BEGIN MATERIAL FOR THIS TASK

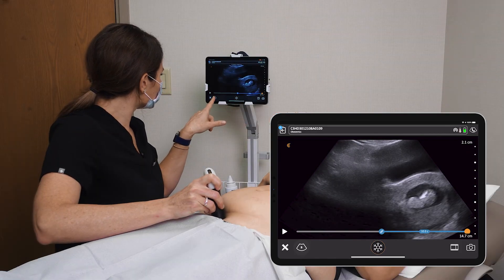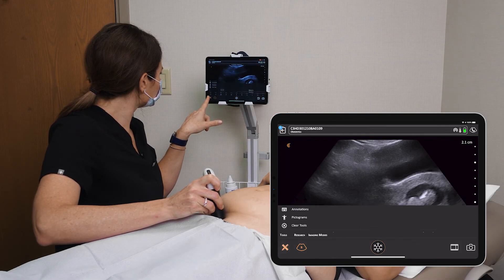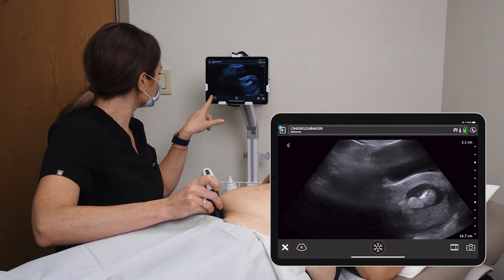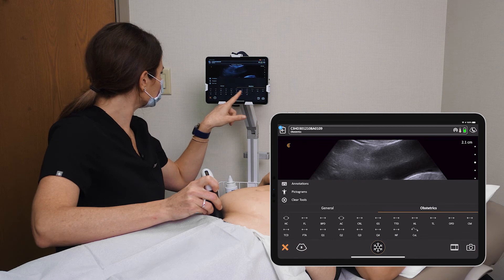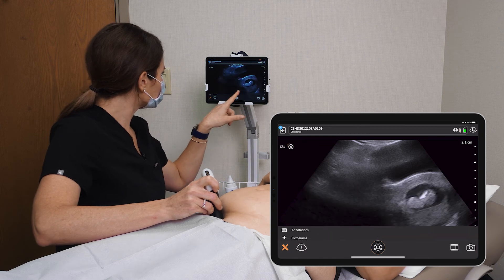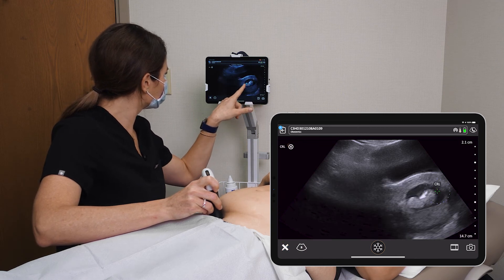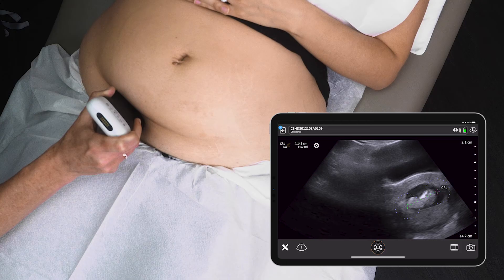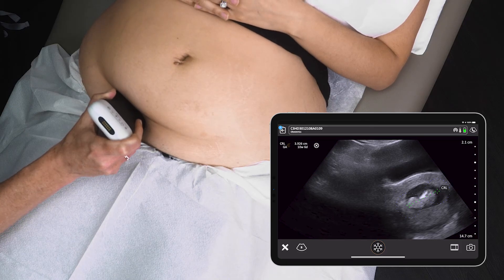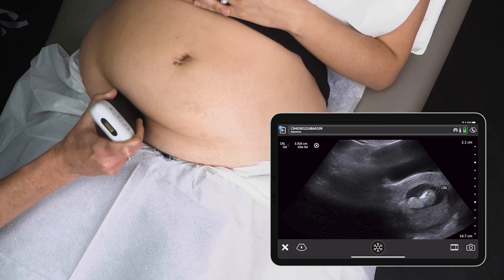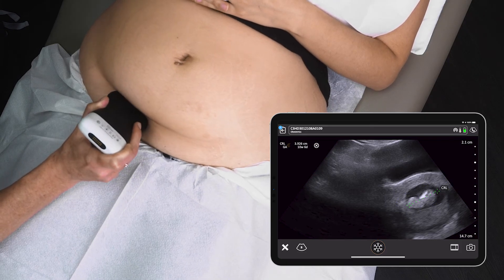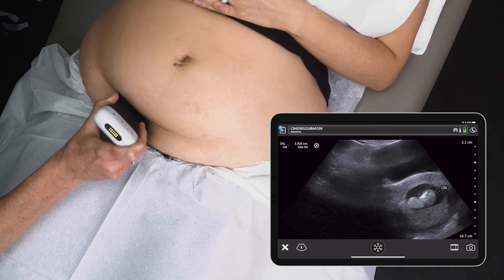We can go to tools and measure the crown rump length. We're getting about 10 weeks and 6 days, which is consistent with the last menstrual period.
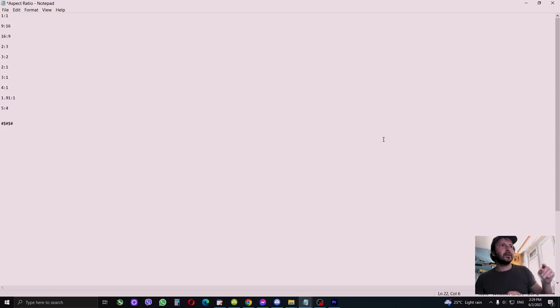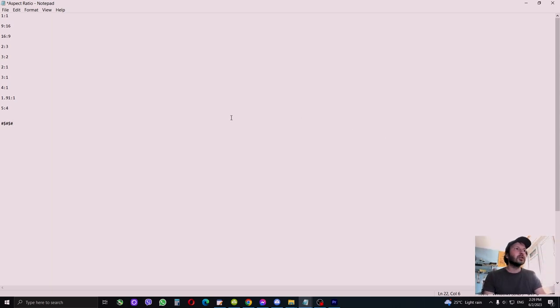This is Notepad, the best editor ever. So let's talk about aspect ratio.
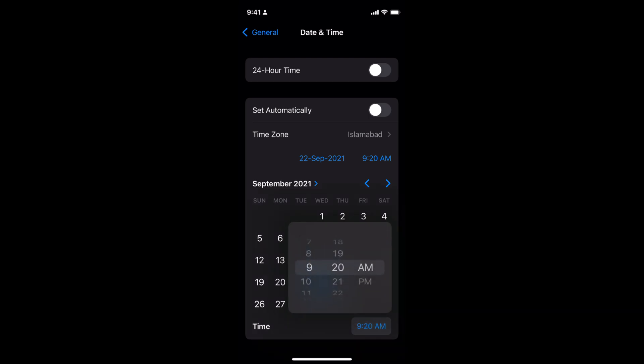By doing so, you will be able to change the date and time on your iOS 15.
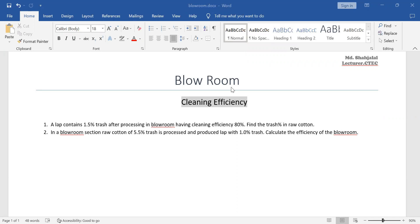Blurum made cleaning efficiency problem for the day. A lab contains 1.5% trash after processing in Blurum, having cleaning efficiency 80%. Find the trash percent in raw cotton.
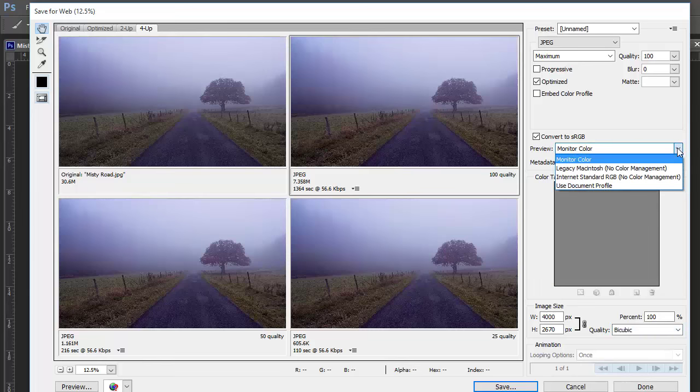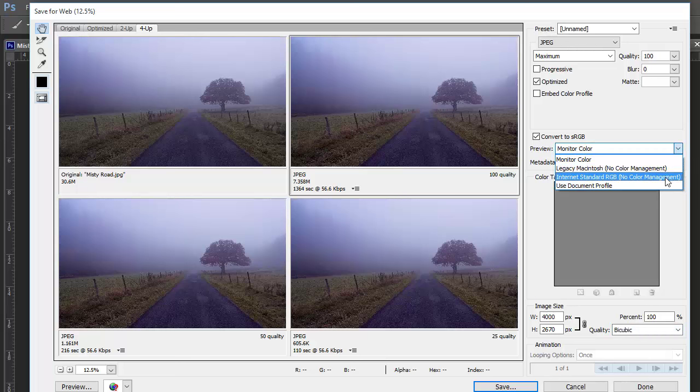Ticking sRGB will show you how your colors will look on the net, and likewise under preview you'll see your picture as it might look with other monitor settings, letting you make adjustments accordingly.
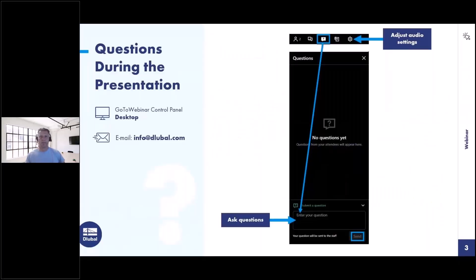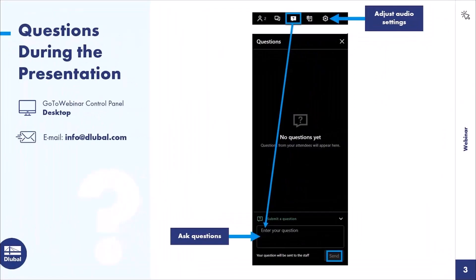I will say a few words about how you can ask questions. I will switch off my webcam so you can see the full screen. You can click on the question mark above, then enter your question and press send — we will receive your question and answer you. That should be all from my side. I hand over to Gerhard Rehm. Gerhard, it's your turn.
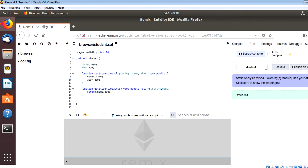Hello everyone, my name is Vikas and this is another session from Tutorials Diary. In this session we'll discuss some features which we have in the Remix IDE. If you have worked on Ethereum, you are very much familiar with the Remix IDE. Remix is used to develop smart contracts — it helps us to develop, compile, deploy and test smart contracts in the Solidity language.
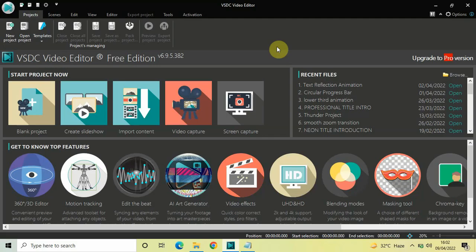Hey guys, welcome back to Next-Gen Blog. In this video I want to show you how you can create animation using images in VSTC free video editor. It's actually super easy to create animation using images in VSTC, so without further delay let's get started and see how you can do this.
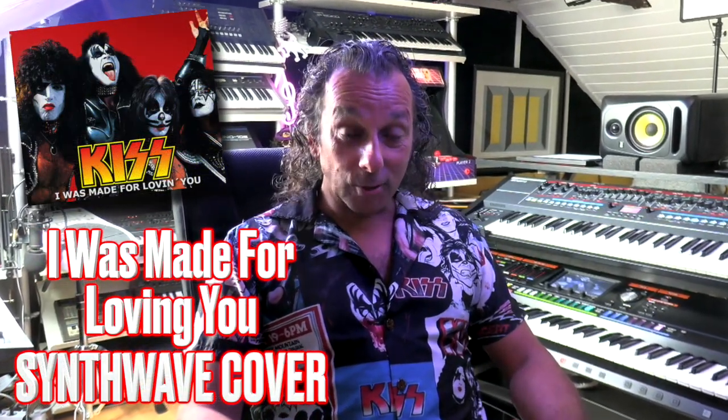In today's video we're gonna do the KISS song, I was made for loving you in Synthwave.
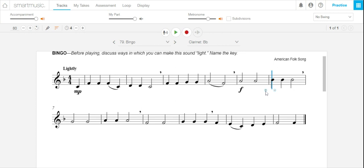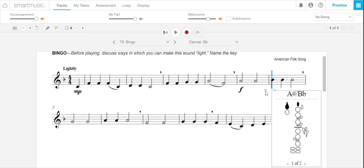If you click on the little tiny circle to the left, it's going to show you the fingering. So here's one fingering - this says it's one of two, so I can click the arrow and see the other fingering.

END MATERIAL FOR THIS TASK

Above are some records. Reproduce the lines from the one with "This is Notepad, the" down to the one with "Ticking sRGB will", keeping both, and leave every picture out.

This is Notepad, the best editor ever. So let's talk about aspect ratio.
By doing so, you will be able to change the date and time on your iOS 15.
Blurum made cleaning efficiency problem for the day. A lab contains 1.5% trash after processing in Blurum, having cleaning efficiency 80%. Find the trash percent in raw cotton.
Ticking sRGB will show you how your colors will look on the net, and likewise under preview you'll see your picture as it might look with other monitor settings, letting you make adjustments accordingly.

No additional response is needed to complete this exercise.